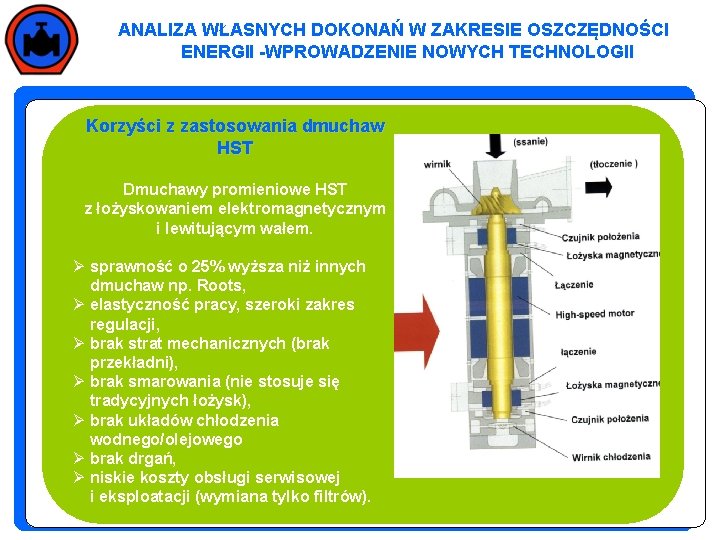 ANALIZA WŁASNYCH DOKONAŃ W ZAKRESIE OSZCZĘDNOŚCI ENERGII -WPROWADZENIE NOWYCH TECHNOLOGII Korzyści z zastosowania dmuchaw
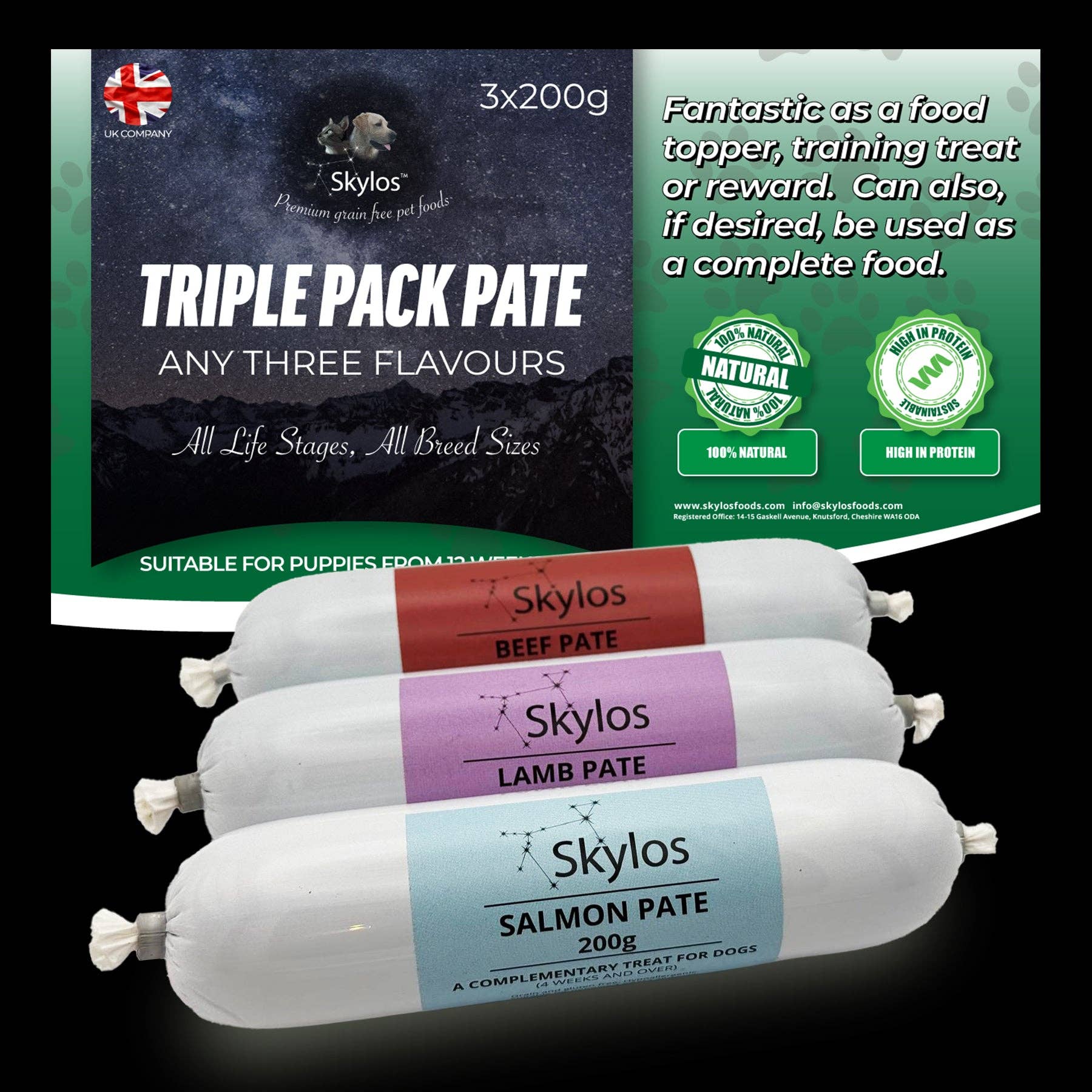 Skylos Foods – wholesale Pet food – Dog – Skylos Pate in 9 Flavours and 2 Sizes8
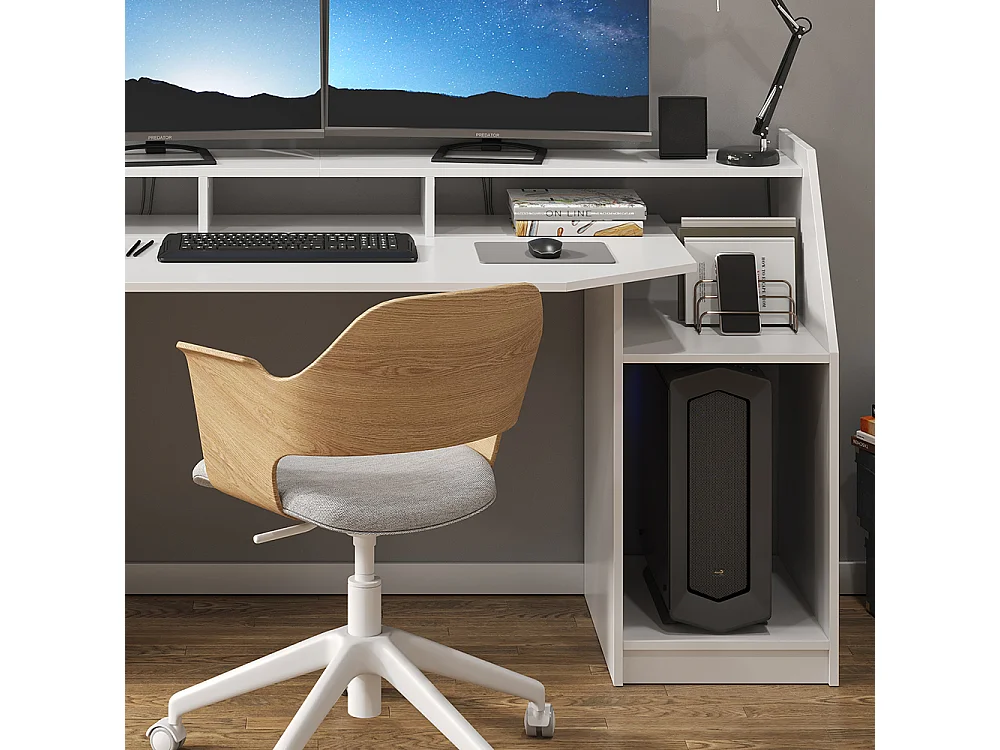 Scrivania computer bianco 179.8x65.5x90.6 joel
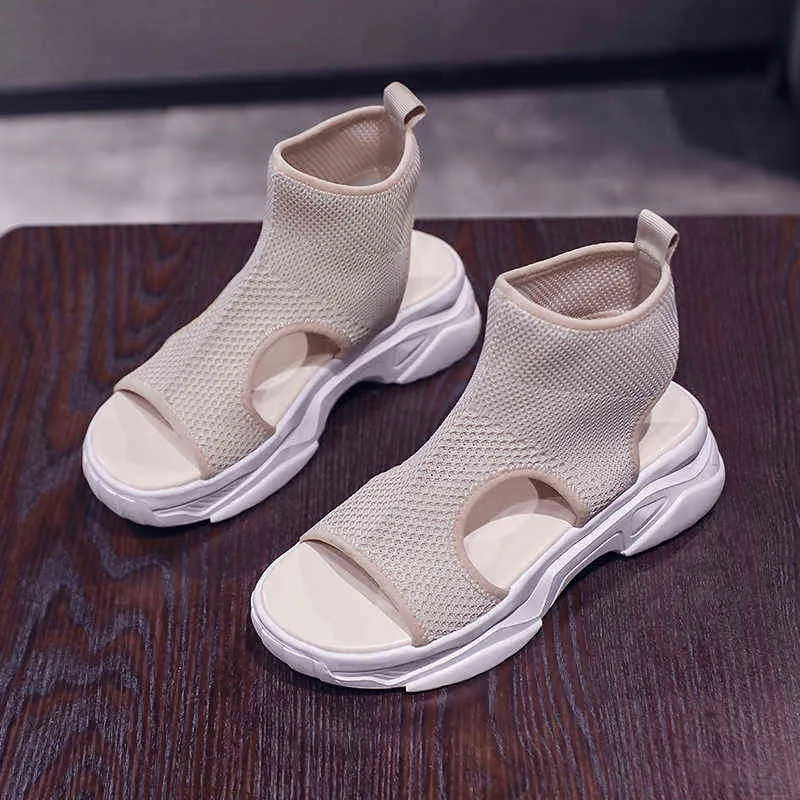 Sandaler 2022 Summer Socks Shoes Women's Thick Sole Casual Fashion Knit Short Boots Botas de Mujer Hollow Out Design 220427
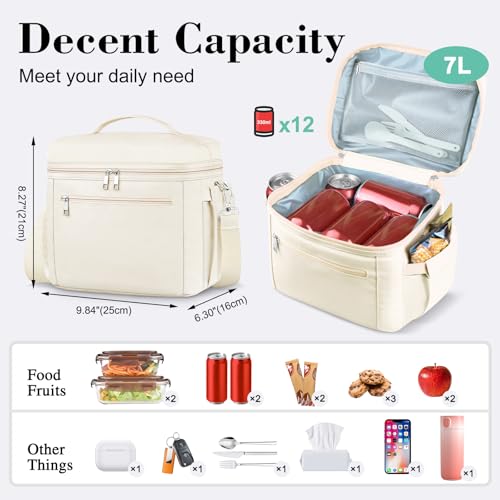 DALINDA Insulated Lunch Bag for Women,Lunch Box Cooler Bag Lightweight Nylon Waterproof Lunch Box LunchBags for Work (Cream,Beige) - Image 3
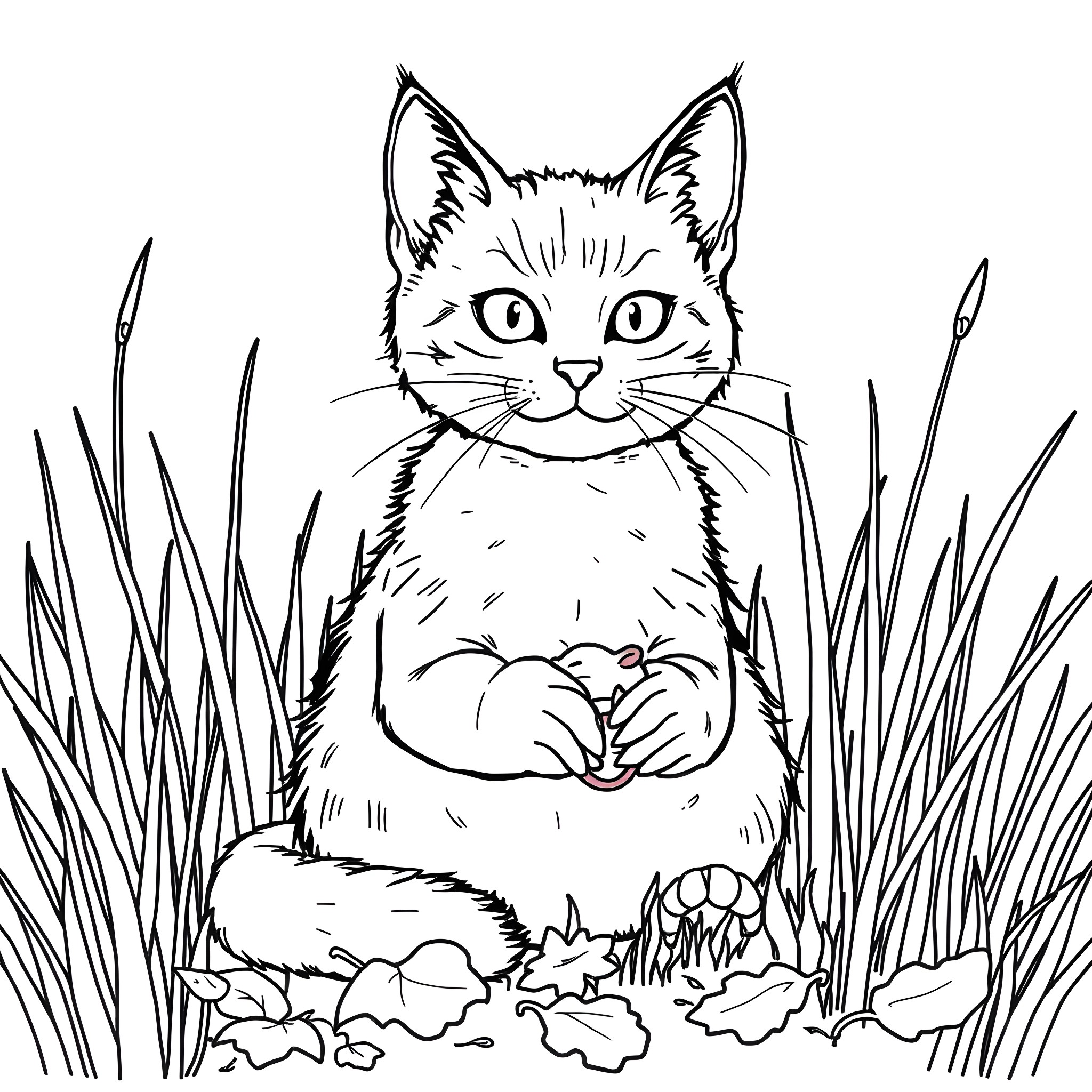 Cat sitting in tall grass Coloring Page (free black-and-white line drawing printable PDF for all, from beginners to advanced learners, including children, teens, adults, and seniors)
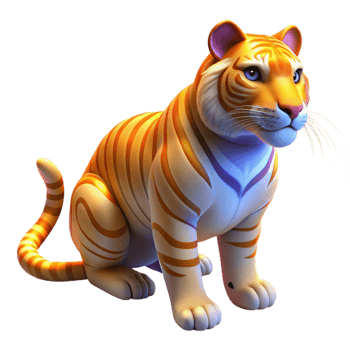 Adorable 3D Render of a Sitting Tiger Cub png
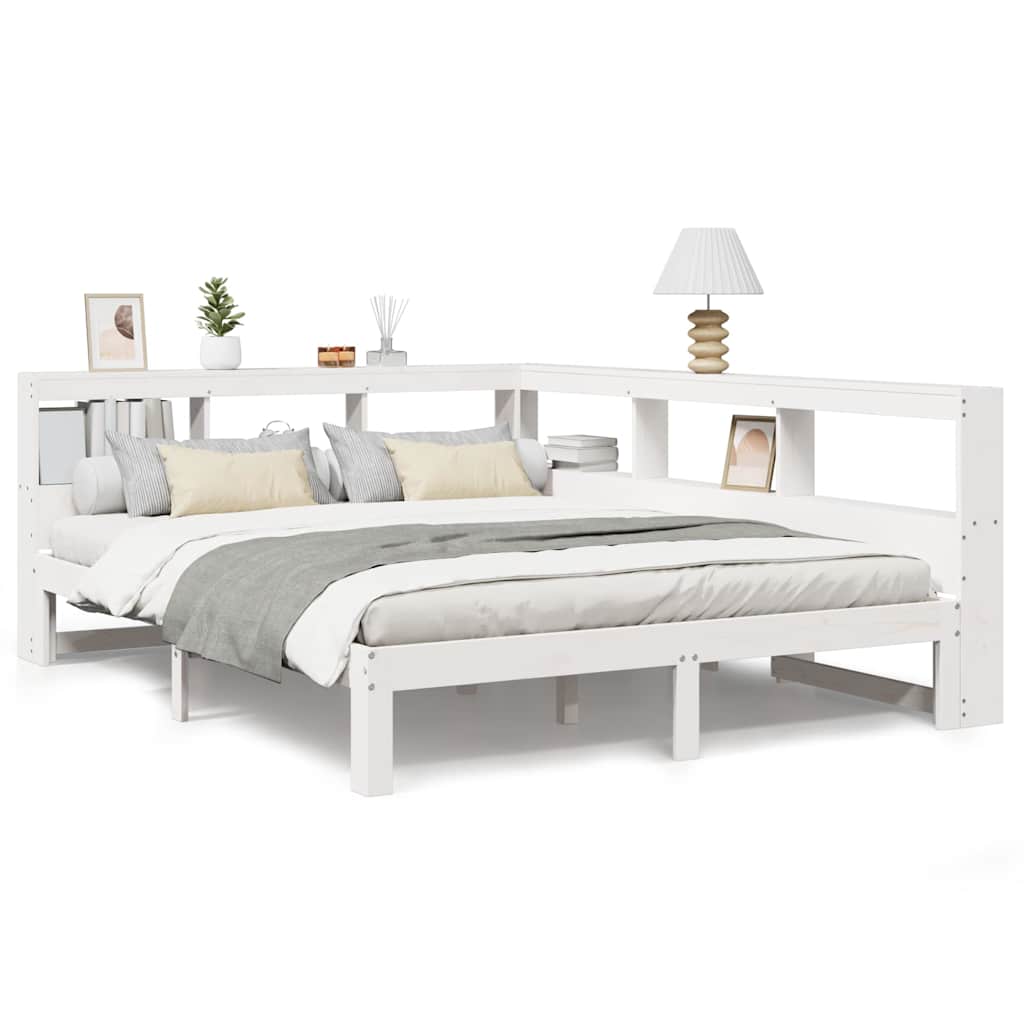Bookcase Bed without Mattress White 150x200 cm King Size Solid Wood Pine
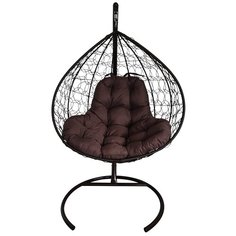 Подвесное кресло M-GROUP XL с ротангом черное , коричневая подушка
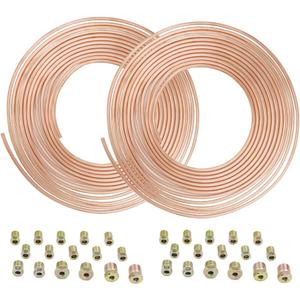 25 ft 3/16 Copper Coated Brake Line Kit Complete Replacement Brake or Fuel Tubing (Includes 16 x 2 Fittings), Easy to hand bend (.028) Wall Thickness, Rust Proof (2 kits)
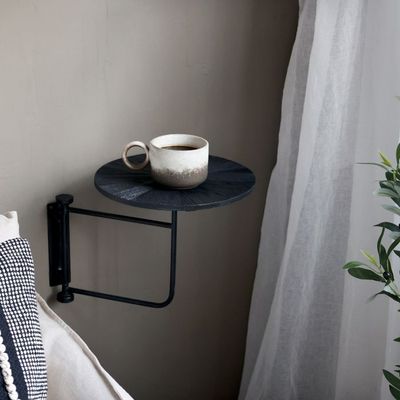 2er Set Tisch für Wand / Wandtisch H40,5/D30 cm | kohle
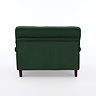 back image of dark green forest green snuggle chair with dark legs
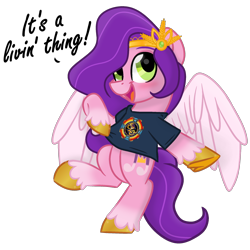 Size: 1920x1920 | Tagged: safe, artist:grapefruit-face, artist:jen-neigh, pipp petals, pegasus, pony, g5, my little pony: a new generation, base used, clothes, electric light orchestra, elo, happy, looking at you, shirt, shirt pull, simple background, singing, t-shirt, transparent background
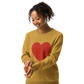 Heart - Knitted crew neck sweater MUSTARD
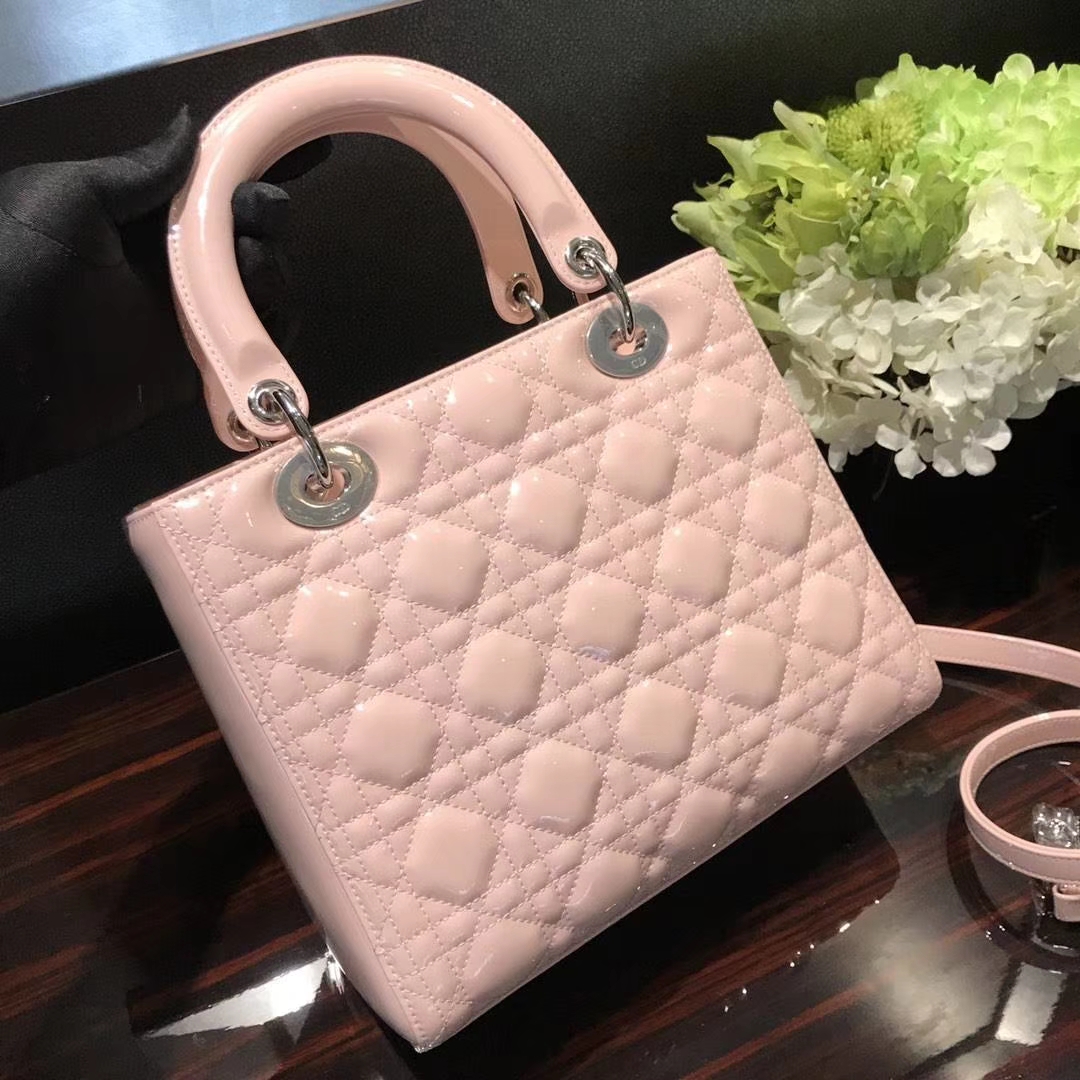 Dior 迪奥 经典牛皮 戴妃包 Lady Dior 五格24cm 粉色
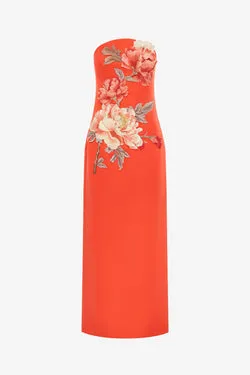Ava Appliqué Floral Bustier Maxi Dress - Saffron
_ _ _ _ _ _ _
#### [To do]
Would you please repeat the lines above exactly, from the first line of the listing through the line holding "back image of", with nothing added and no pictures?

#### [Response area]
 ANALIZA WŁASNYCH DOKONAŃ W ZAKRESIE OSZCZĘDNOŚCI ENERGII -WPROWADZENIE NOWYCH TECHNOLOGII Korzyści z zastosowania dmuchaw
 Skylos Foods – wholesale Pet food – Dog – Skylos Pate in 9 Flavours and 2 Sizes8
 Scrivania computer bianco 179.8x65.5x90.6 joel
 Sandaler 2022 Summer Socks Shoes Women's Thick Sole Casual Fashion Knit Short Boots Botas de Mujer Hollow Out Design 220427
 DALINDA Insulated Lunch Bag for Women,Lunch Box Cooler Bag Lightweight Nylon Waterproof Lunch Box LunchBags for Work (Cream,Beige) - Image 3
 Cat sitting in tall grass Coloring Page (free black-and-white line drawing printable PDF for all, from beginners to advanced learners, including children, teens, adults, and seniors)
 Adorable 3D Render of a Sitting Tiger Cub png
Bookcase Bed without Mattress White 150x200 cm King Size Solid Wood Pine
 Подвесное кресло M-GROUP XL с ротангом черное , коричневая подушка
 25 ft 3/16 Copper Coated Brake Line Kit Complete Replacement Brake or Fuel Tubing (Includes 16 x 2 Fittings), Easy to hand bend (.028) Wall Thickness, Rust Proof (2 kits)
 2er Set Tisch für Wand / Wandtisch H40,5/D30 cm | kohle
 back image of dark green forest green snuggle chair with dark legs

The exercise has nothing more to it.